There was much talk. Then the interpreter said, ‘They say – no.’ She shrugged.
Alexander pointed at his army. We, as an army, were not at our most impressive, as most of the infantry were busy loading spear-won wagons with spear-won loot, wool and hangings and carpets and furs and some gold.
‘You should fear my army, which I can march anywhere in the world,’ Alexander said.
The Keltoi talked among themselves, and then the interpreter shook her head and expostulated.
‘I think they are saying we should sod off,’ I muttered to Marsyas.
Marsyas grinned. In some strange way, it was entertaining to watch these rich barbarians be utterly unimpressed with us.

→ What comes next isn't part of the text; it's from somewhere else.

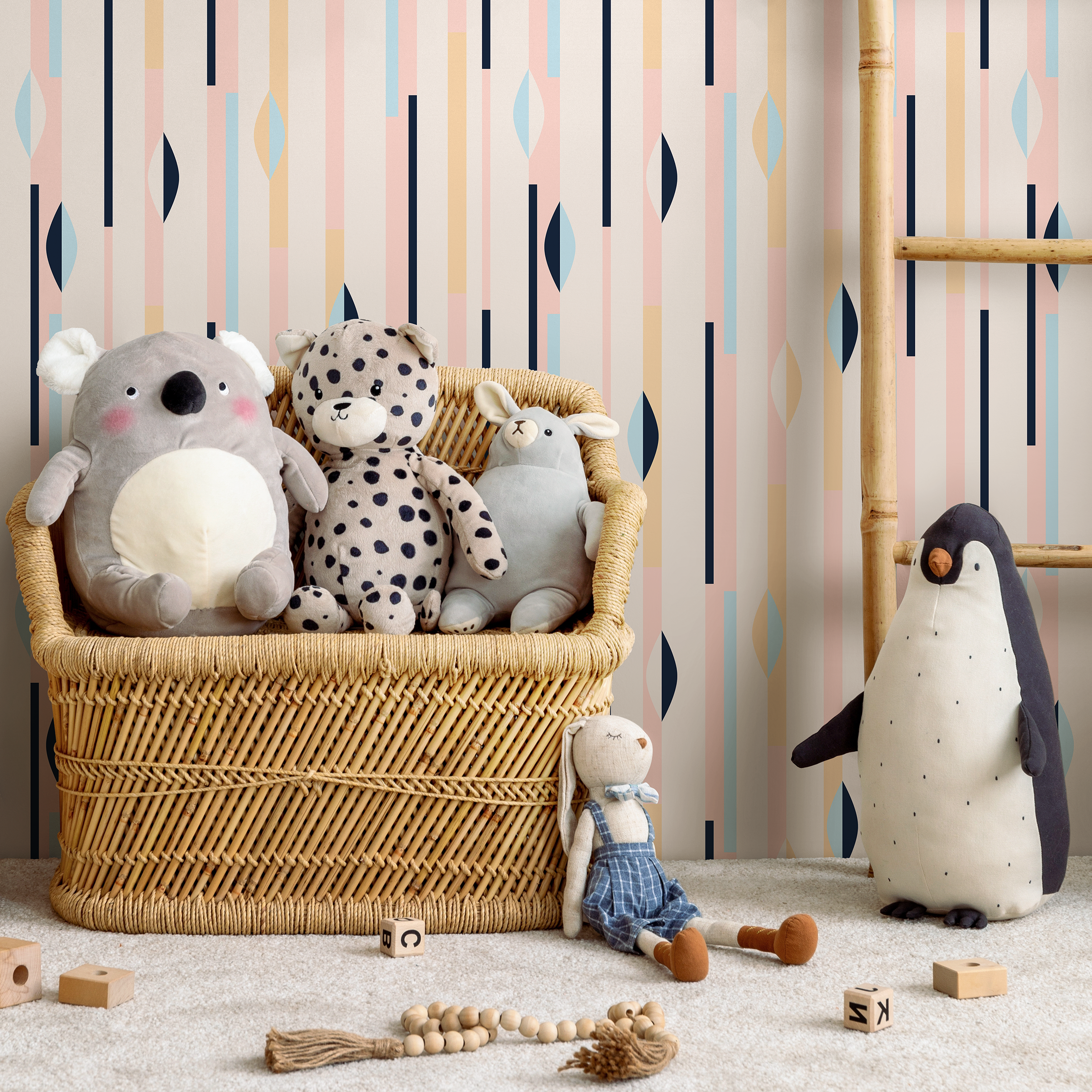 Geometric Wallpaper With Modern Stripes In Pink, Blue, And Navy - B466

Finally, the dark woman stood in front of Alexander with her shoulders square as if she was ready to resist torture. ‘They say that if you brought an army this small to their lands, they might ignore it. If you brought a real army, they would bury it under the weight of their chariot wheels and the hooves of their horses and the steel of their swords. They say that you have no idea what is north of the Danube, while they know where Pella is and where Athens is. And Rome and Carthage, too, they say. And the queen asks – would you like to swear fealty to her? She says she will be a gentle overlord.’
I burst into laughter. I couldn’t stop myself. I slapped my thighs and roared, and Alexander looked at me. His anger dissipated, and he joined me. He laughed, and Perdiccas and Hephaestion laughed, and Marsyas laughed.
And all the Keltoi laughed.
Somehow it reminded me of the visit to Diogenes.